На протяжении XVIII–XIX веков можно видеть, как постепенная демократизация автобиографики связана с ростом образования, расширением культурного и религиозного канона. Именно в этом жанре можно впервые услышать голоса до того «безмолвствующих» групп из социальных низов – приходского, сельского духовенства, крестьян (см. Херцберг), солдат [43] . Не в последнюю очередь это касается и женщин. На протяжении нашего периода они начинают играть особую роль в религиозной культуре, их личные свидетельства составляют важную часть религиозного «ревивализма» по всей Европе [44] . В начале женской автобиографики в России – мемуары монахини Нектарии alias Натальи Борисовны Долгоруковой [45] . Роль текстов, принадлежащих женщинам, наглядно демонстрирует и статья Надежды Киценко [46] .
42
Kizenko 2000.
43
Митрофан, инок 1878.
44
Gretchanaia, Viollet 2008 и др.
45
Савкина 2007, 68–76.
46
См. также: Кириченко 2010; Манчестер 2012; о дневнике Долли (Дарьи) Фикельмон: Sdvizkov 2015, 125–129.

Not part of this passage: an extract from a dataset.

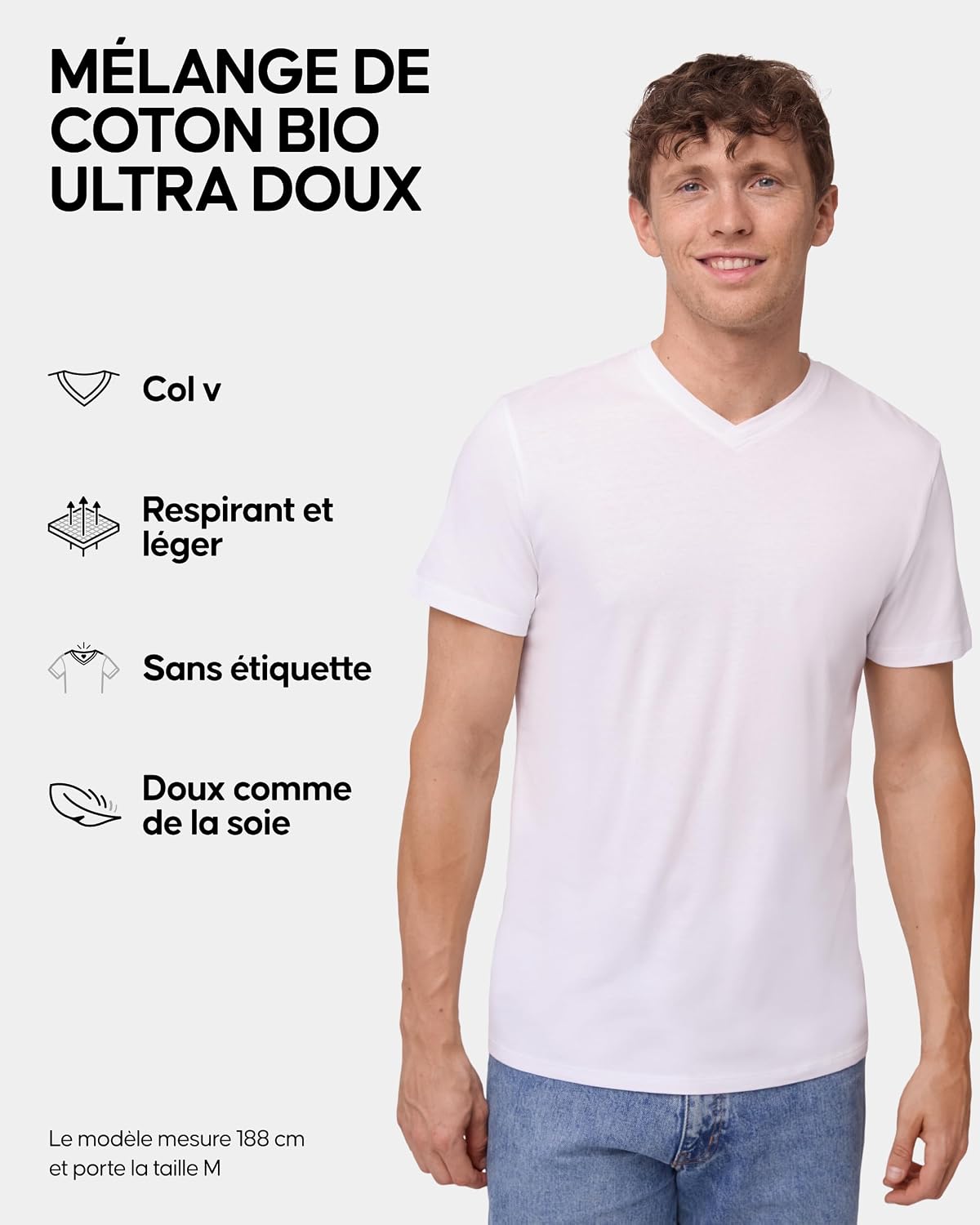 Detalle 2 de DANISH ENDURANCE T-Shirts en coton bio et modal – Lot multipack pour homme (Col V ou rond, manches courtes)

Сборник завершается статьями, посвященными судьбе наследия имперского/синодального периода после 1917 года [47] . Трудно представить себе более противоположных людей, чем те, которым посвящены эти статьи: один – епископ в преследуемой катакомбной церкви, другой – лидер большевиков, непосредственно связанный с антирелигиозными кампаниями. Тем не менее поражает сходство пламенной веры у них обоих. Хотя рефлексии епископа о своем прошлом и настоящем, написанные в 1928–1934 годах, проникнуты духом катастрофы, он сравнивает себя в то же время с первыми христианами и благодарит Бога за то, что ему выпало жить в этих нуждах и горестях; преследования лишь укрепляют его в вере (Беглов). В то время как восторг и радость, которые испытывает большевистский лидер, говоря о революции с реальной и виртуальной публикой, упрочивает его веру в коммунизм (Дальке).
47
О метаморфозах духовной автобиографики (spitirual autobiographies) в революционной традиции ср. Hellbeck 2006; Halfin 2000 и 2011; Hernandez 2002 и др.